La solución al nudo gordiano de consumidores frente a ciudadanos digitales no es el neoludismo, sino en un uso inteligente de la tecnología. En su reciente obra "La locura del solucionismo tecnológico", Evgeny Morozov presenta ejemplos de ejercicios tecnológicos de diseño adversativo (adversarial design) que sirven para mostrar los efectos de nuestro consumo de energía sobre nuestro entorno climático inmediato (e.g. provocar con sensores la marchitación de nuestras plantas de hogar superados ciertos umbrales de consumo de energía). Ejercicios similares podrían realizarse para mostrar el consumo excesivo de servicios digitales sobre nuestro bienestar inmediato, bien reales o simulados (e,g. decrecer nuestros ahorros mediante una donación si hacemos un uso desproporcionado de compras en plataformas de Internet en relación a la realizada en comercios minoristas).

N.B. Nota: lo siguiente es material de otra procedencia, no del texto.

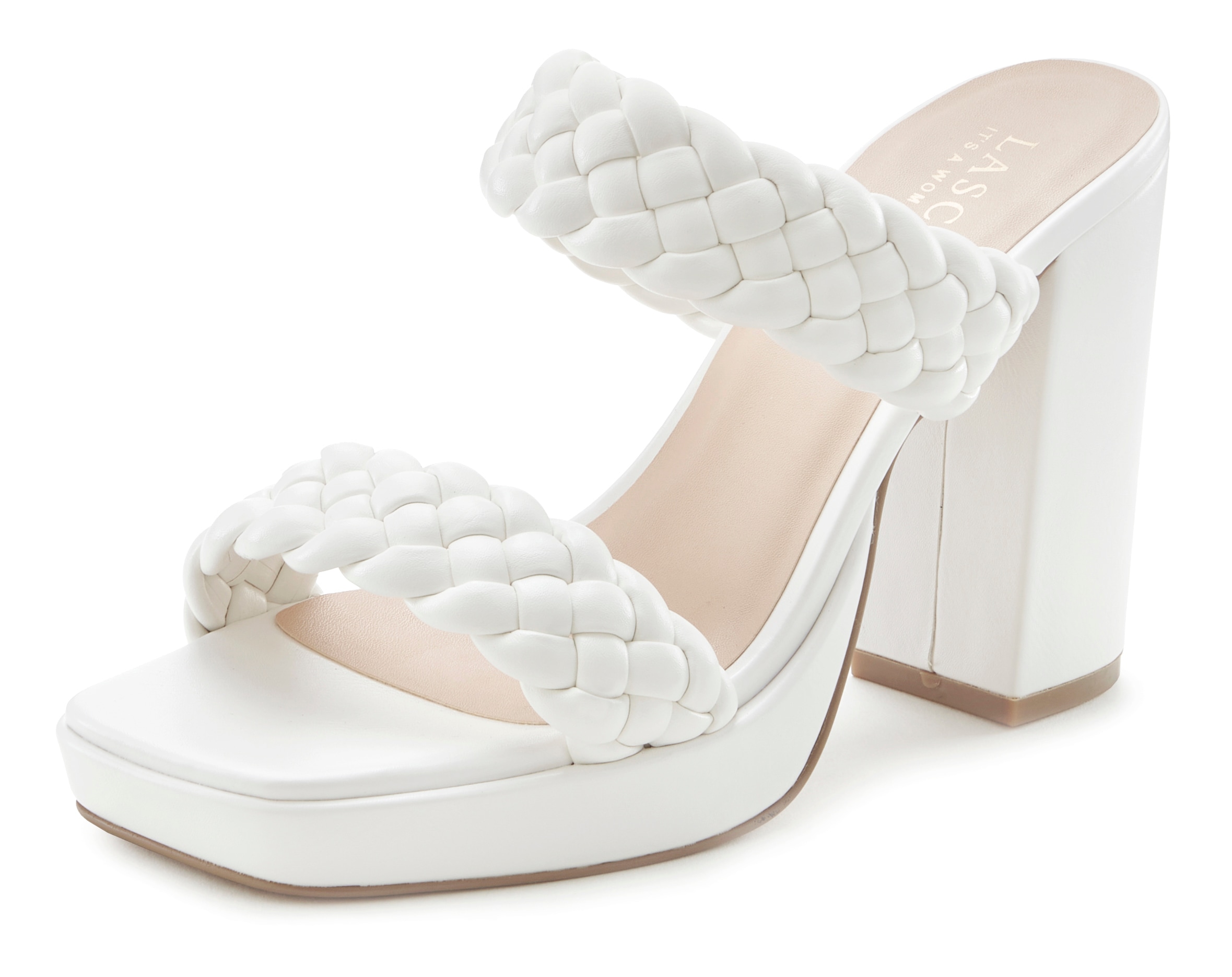 LASCANA Pantolette, Mule, Sandale, offener Schuh, raffinierte Riemchen im Flecht-Design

Los poderes públicos podrán mitigar las consecuencias indeseadas de la digitalización, que siempre existirán en algún grado. Sin embargo, no podemos escondernos tras los gobiernos para huir de nuestra propia responsabilidad. Como bien recordaba recientemente Douglas Rushkoff, "nadie nos obliga a utilizar la tecnología de una forma tan antisocial y atomizada. Basta con que no nos convirtamos en los consumidores y perfiles individuales que quieren nuestros dispositivos y plataformas; recordemos que el ser humano verdaderamente evolucionado no opta por una salida individual". En la integración de la tecnología digital en nuestras vidas, nuestra visión a largo plazo como ciudadanos ha de prevalecer sobre nuestra faceta cortoplacista de consumidores.